«Dejad paso al mañana». Leo McCarey, 1937
19 nov 2015 . Actualizado a las 14:46 h.Cuando Leo McCarey recibe el Oscar al mejor director por La pícara puritana confiesa que los miembros de la academia se han equivocado: su gran trabajo del año no es esa comedia en la que Cary Grant e Irene Dunne presumen de su divorcio arbitrado por un perro, sino otro título, Dejad paso al mañana, una reflexión devastadora sobre la familia y el ahogo de hacerte viejo y convertirte en un estorbo que no había tenido ningún éxito.
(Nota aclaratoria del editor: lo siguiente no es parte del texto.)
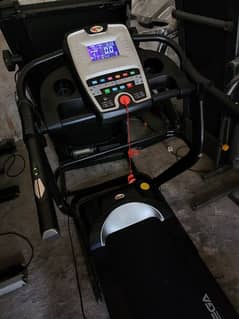 treadmill 0308-1043214/ electric treadmill/ cycles / air bike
Una pareja de ancianos sufre problemas económicos y el banco se queda con su casa. Tras el desahucio, el matrimonio pasa a vivir a cargo de los hijos y el relato comienza a repartir bofetadas en la cara del espectador, que se siente identificado con todo lo que ocurre a continuación mucho más de lo que está dispuesto a reconocer. Los hijos se pelean sin parar e intentan regatear sus responsabilidades transformando a los padres en un paquete de mensajería urgente que se van pasando. Por su parte, los ancianos contribuyen a las pequeñas mezquindades cotidianas aportando dificultades a la convivencia e intromisiones propias del agujero generacional. A medida que los acontecimientos desgastan a los dos protagonistas, la película se carga de una congoja que McCarey rebaja al utilizar un recurso contundente y efectivo, aquel que poseen los grandes observadores: el humor. El sutil balanceo de estos dos elementos, risas y lagrimas, convierte Dejad paso al mañana en extraordinaria.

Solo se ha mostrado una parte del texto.